The Kolmogorov–Smirnov Test as a Goodness-of-fit
Background
The Kolmogorov–Smirnov (KS) test is a staple in the statistical toolbox for checking how well data fit a hypothesized distribution. It comes in both a one-sample and a two-sample version. A common application in causal inference is covariates distribution balance checks between the treatment and control groups. It’s nonparametric, straightforward to compute, and widely implemented just about every statistical software. But—and this is a big but—using the KS test naively can lead to some serious misinterpretations, especially when parameters are estimated from the data.
This article is based on the 2024 paper by Zeimbekakis, Schifano, and Yan, which takes a hard look at the common misuses of the one-sample KS test. We’ll walk through what the KS test is supposed to do, when it goes wrong, and how to think more clearly about assessing goodness-of-fit.
Notation
Let \(X_1, \dots, X_n\) be i.i.d. random variables with unknown distribution function \(F\). We want to test whether \(F = F_0\), for some known distribution function \(F_0\).
The empirical distribution function (EDF) is: \[F_n(x) = \frac{1}{n} \sum_{i=1}^n I(X_i \leq x)\]
You are probably familiar with this. It’s is a step function that estimates the true cumulative distribution function of a random variable based on a sample. At any point \(x\), the ECDF gives the proportion of observations in the sample that are less than or equal to \(x\). It is the nonparametric maximum likelihood estimator of the cumulative distribution function (CDF).
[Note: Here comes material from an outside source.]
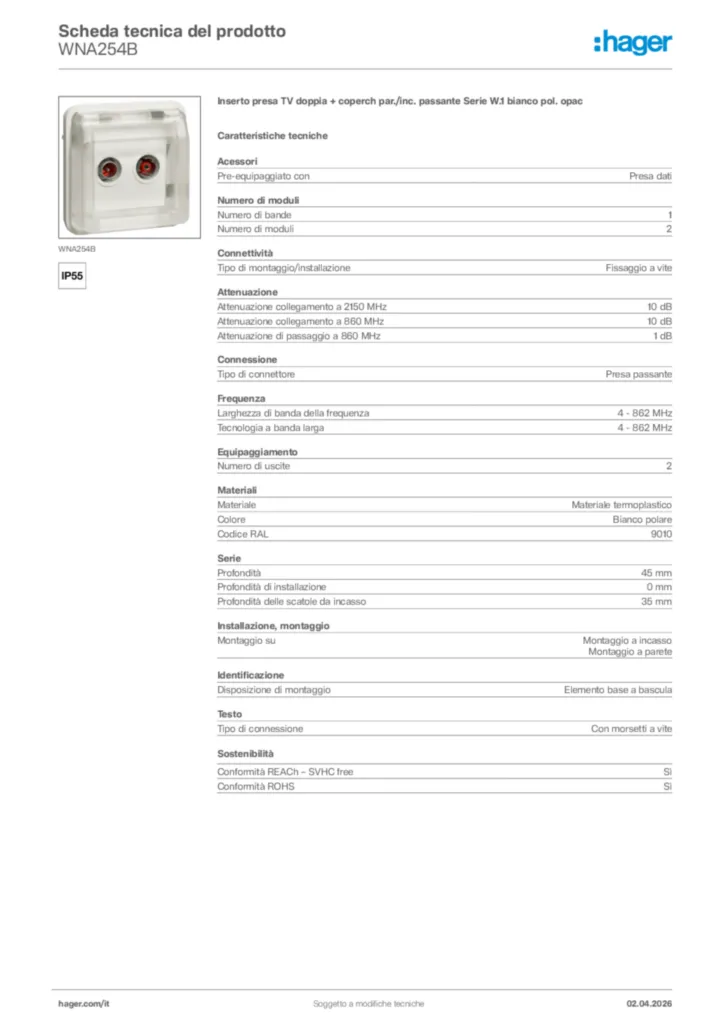 Immagine Hager Scheda tecnica del prodotto WNA254B | Hager Italia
The KS statistic is: \[D_n = \sup_{x \in \mathbb{R}} |F_n(x) - F_0(x)|\]
Under the null hypothesis, this test statistic converges to the Kolmogorov distribution, a distribution with no closed-form density but a known CDF. This is under the assumption that \(F_0\) is fully specified, i.e., no parameters have been estimated from the data.
A Closer Look
A Refresher on KS
Intuitively, the KS test statistic measuries the largest vertical distance between the EDF and the hypothesized CDF \(F_0\). It is sensitive to discrepancies in the CDF. This gives you a global measure of discrepancy, not a local one—so it’s less powerful for detecting issues like tail misspecification or multimodality. This is important because in many applications, tail behavior is critically important, such as in risk modeling or extreme value analysis.
A well known limitation of the KS test is that with small samples, it has limited power to detect distributional differences, while with very large samples, it may detect statistically significant but practically trivial deviations from the hypothesized distribution. This problem in the contxt of “big data” is obviously broader and goes beyond the KS test.
The Problem
Here’s the catch: the null distribution of the KS statistic assumes \(F_0\) is fully known. But in practice, people often use the test to evaluate model fit after estimating parameters—e.g., fitting a normal distribution by MLE and then checking fit with KS.
That invalidates the test.
Why? Because the theoretical distribution of \(D_n\) changes when parameters are estimated. The true distribution of the test statistic becomes conditional on the data, and the critical values are no longer accurate. This leads to an deflated Type I error rate: you’re less likely to incorrectly reject the null. In other words, the test is too conservative.
Better Alternatives
When parameters are estimated, we need modified procedures:
- Lilliefors test: An adaptation of the KS test that adjusts the null distribution when testing for normality with estimated parameters.
- Parametric bootstrap: Simulate the null distribution of the test statistic by repeatedly fitting the model and computing \(D_n\) on simulated data.
- Other GOF tests: Anderson-Darling and Cramér-von Mises tests have versions that handle estimated parameters more gracefully.
Bottom Line
The KS test is a popular and flexible method for estimating differences between statistical disitributions.
It assumes no parameters are estimated—violating this leads to invalid inference.
Estimating parameters from the same data used in the test inflates Type I error.
Use alternatives like the Lilliefors test or bootstrap methods when parameters are estimated.
References
Lilliefors, H. W. (1967). On the Kolmogorov-Smirnov test for normality with mean and variance unknown. Journal of the American statistical Association, 62(318), 399-402.
Zeimbekakis, A., Schifano, E. D., & Yan, J. (2024). On Misuses of the Kolmogorov–Smirnov Test for One-Sample Goodness-of-Fit. The American Statistician, 78(4), 481-487.